======== RECORDS FOR THE EXERCISE
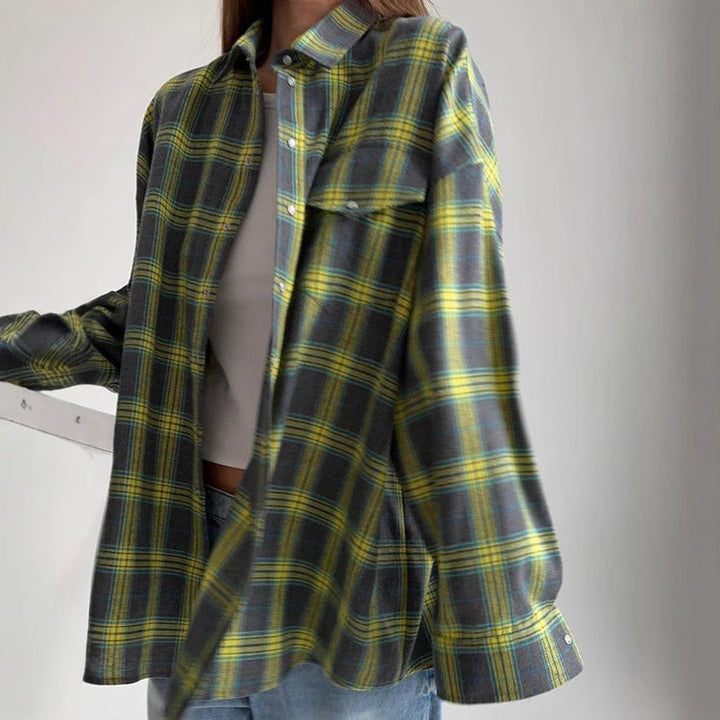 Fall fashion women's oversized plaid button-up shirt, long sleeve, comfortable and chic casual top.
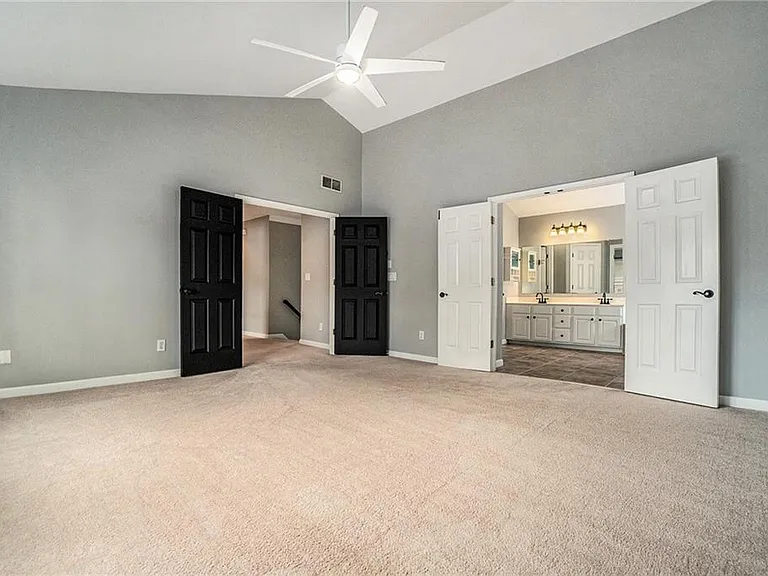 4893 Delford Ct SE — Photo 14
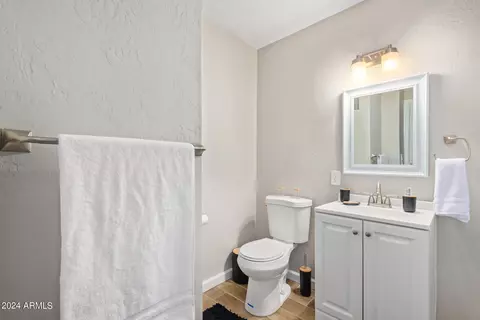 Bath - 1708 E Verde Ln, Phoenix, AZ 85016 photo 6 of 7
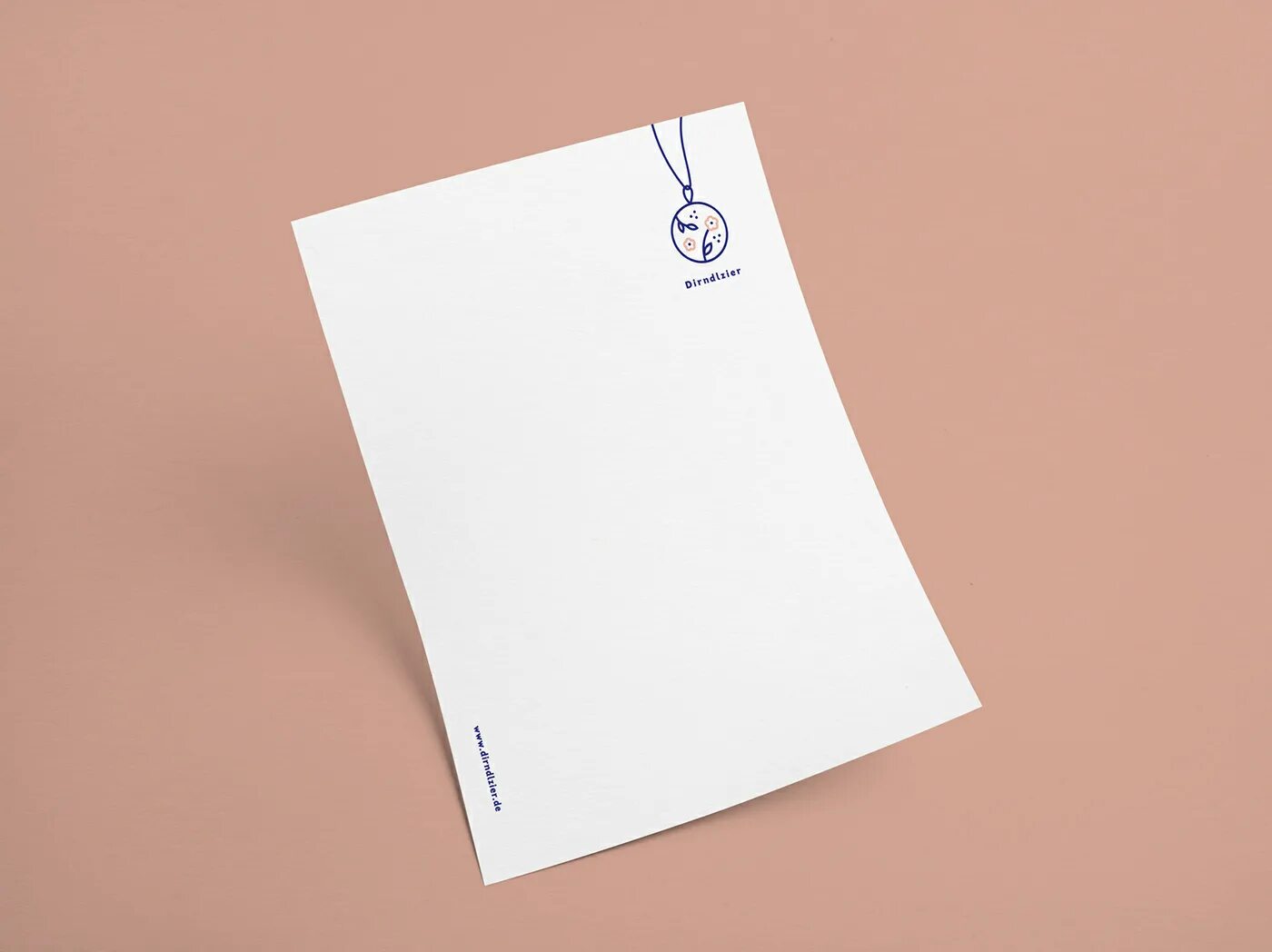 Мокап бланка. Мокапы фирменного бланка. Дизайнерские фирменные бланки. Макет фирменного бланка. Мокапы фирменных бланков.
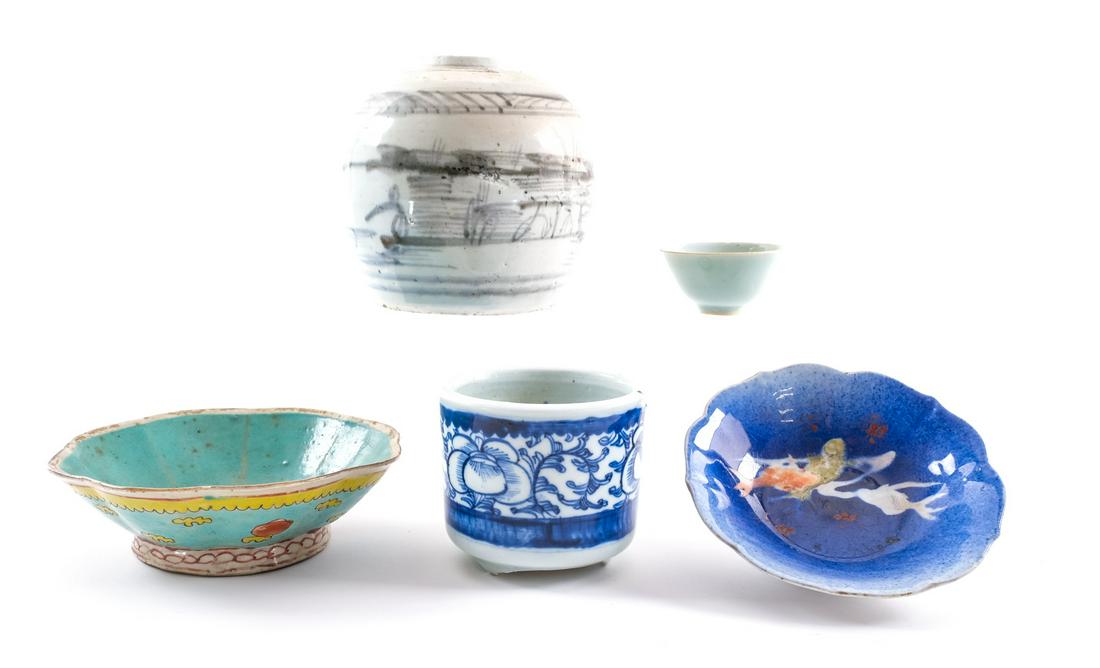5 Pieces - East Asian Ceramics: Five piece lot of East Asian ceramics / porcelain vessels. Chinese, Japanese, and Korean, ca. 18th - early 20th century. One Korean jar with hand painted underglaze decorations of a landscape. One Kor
================
======== RECORDS FOR THE EXERCISE
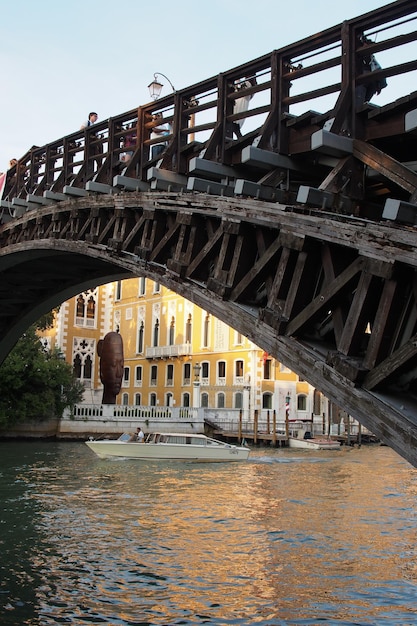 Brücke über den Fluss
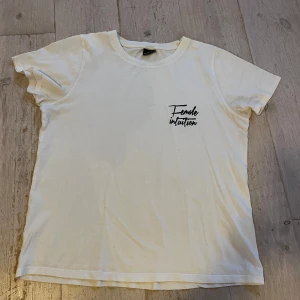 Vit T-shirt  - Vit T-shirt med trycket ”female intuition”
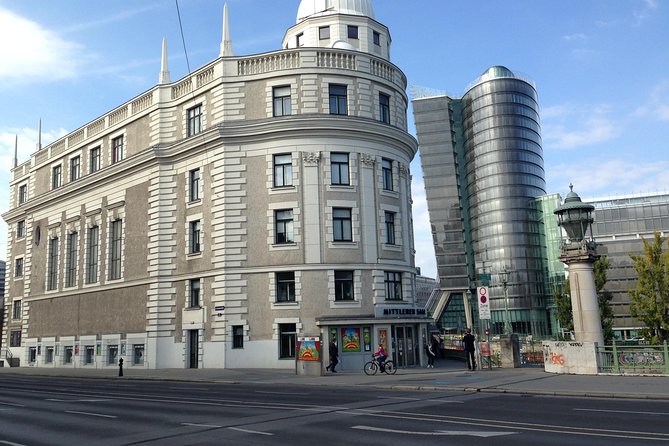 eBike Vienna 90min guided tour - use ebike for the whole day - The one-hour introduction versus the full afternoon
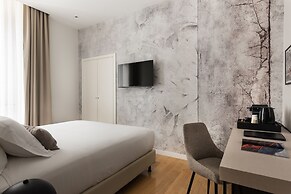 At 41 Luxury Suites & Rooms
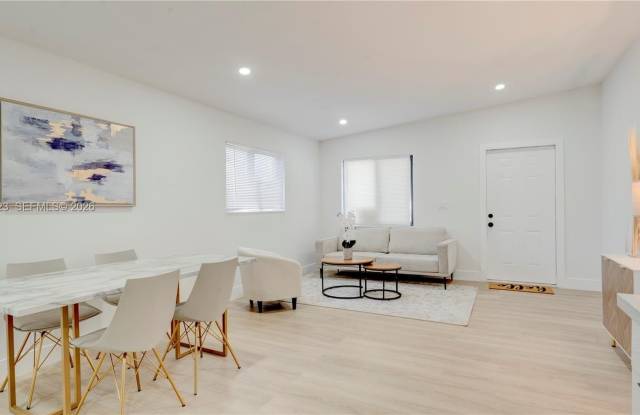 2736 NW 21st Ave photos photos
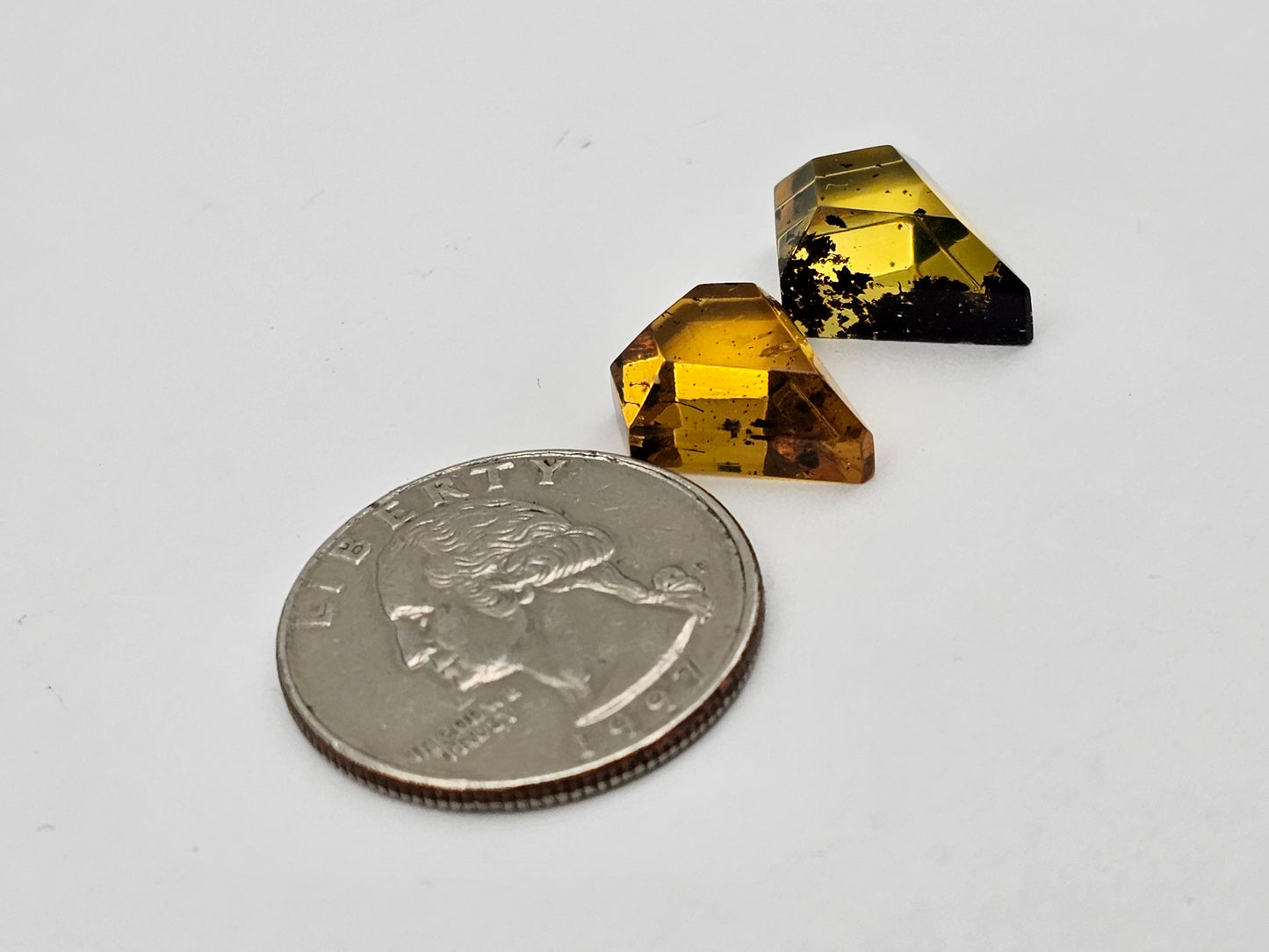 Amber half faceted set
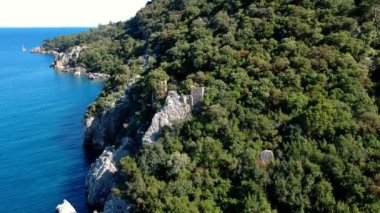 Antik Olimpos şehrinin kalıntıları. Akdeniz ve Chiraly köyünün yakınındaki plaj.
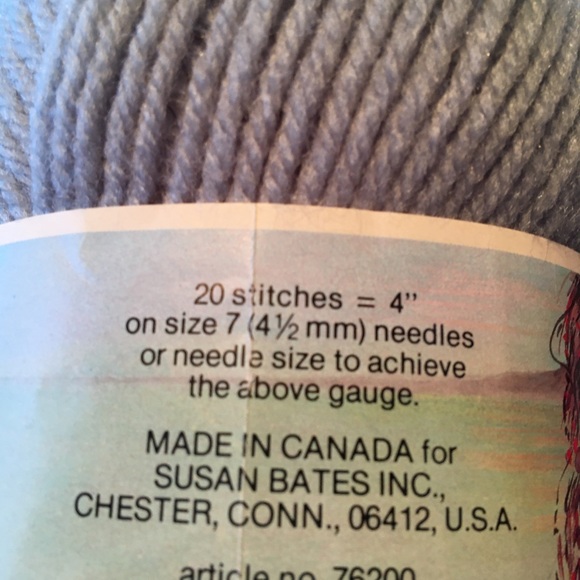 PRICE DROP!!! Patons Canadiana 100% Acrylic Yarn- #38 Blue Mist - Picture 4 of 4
================
======== RECORDS FOR THE EXERCISE
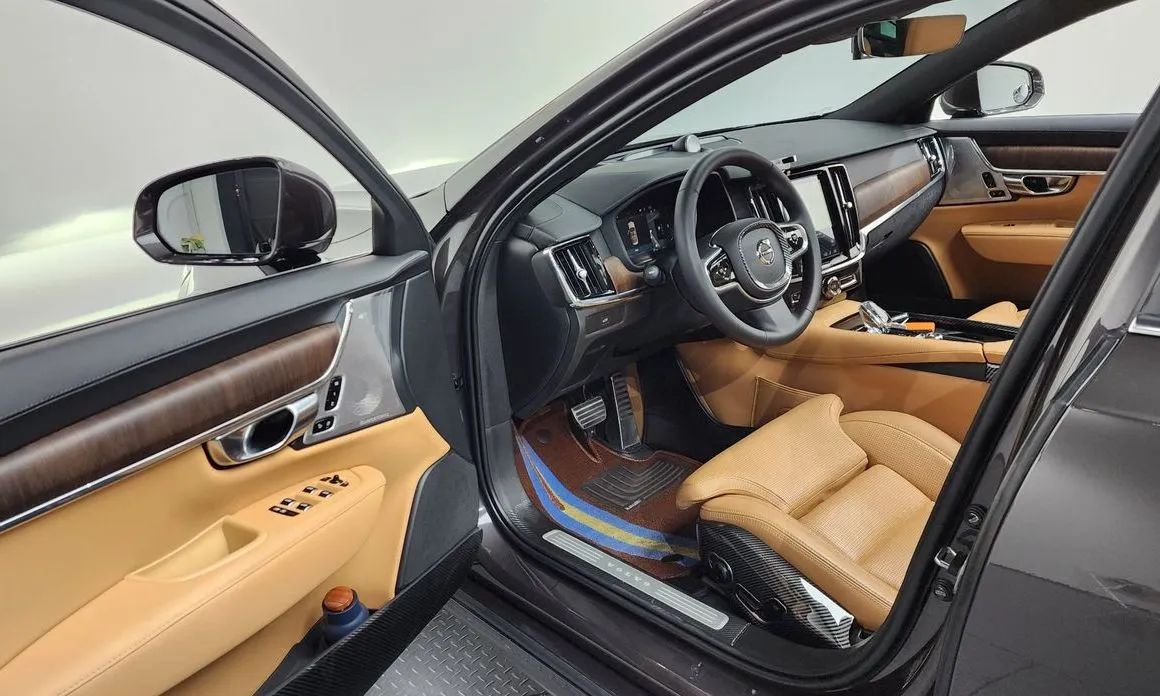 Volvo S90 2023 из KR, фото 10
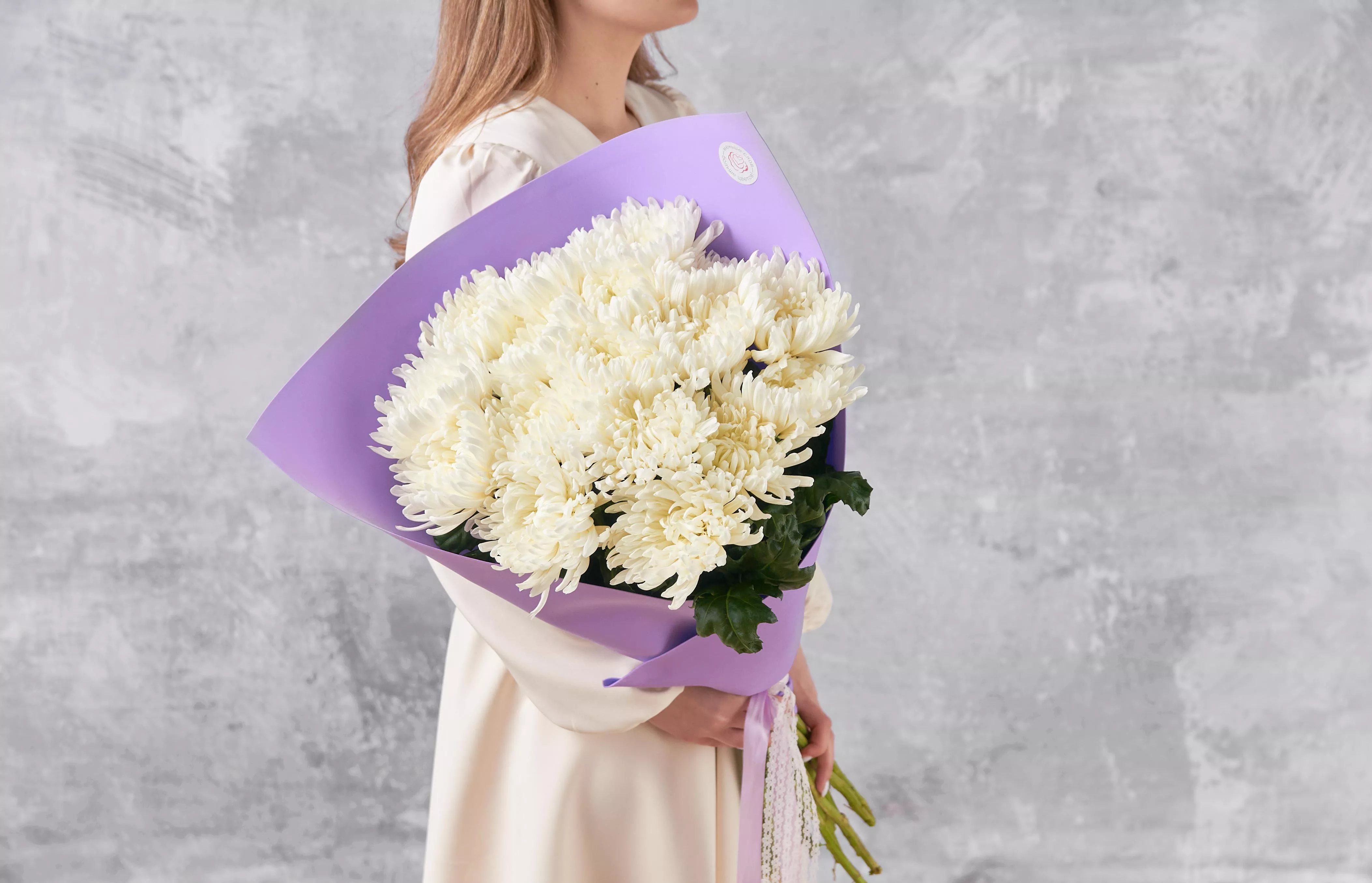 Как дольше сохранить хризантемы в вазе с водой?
================
Of the records above, print only the lines from the one containing "Antik Olimpos şehrinin" through the one containing "PRICE DROP!!! Patons", inclusive and unaltered, leaving out pictures.

 Antik Olimpos şehrinin kalıntıları. Akdeniz ve Chiraly köyünün yakınındaki plaj.
 PRICE DROP!!! Patons Canadiana 100% Acrylic Yarn- #38 Blue Mist - Picture 4 of 4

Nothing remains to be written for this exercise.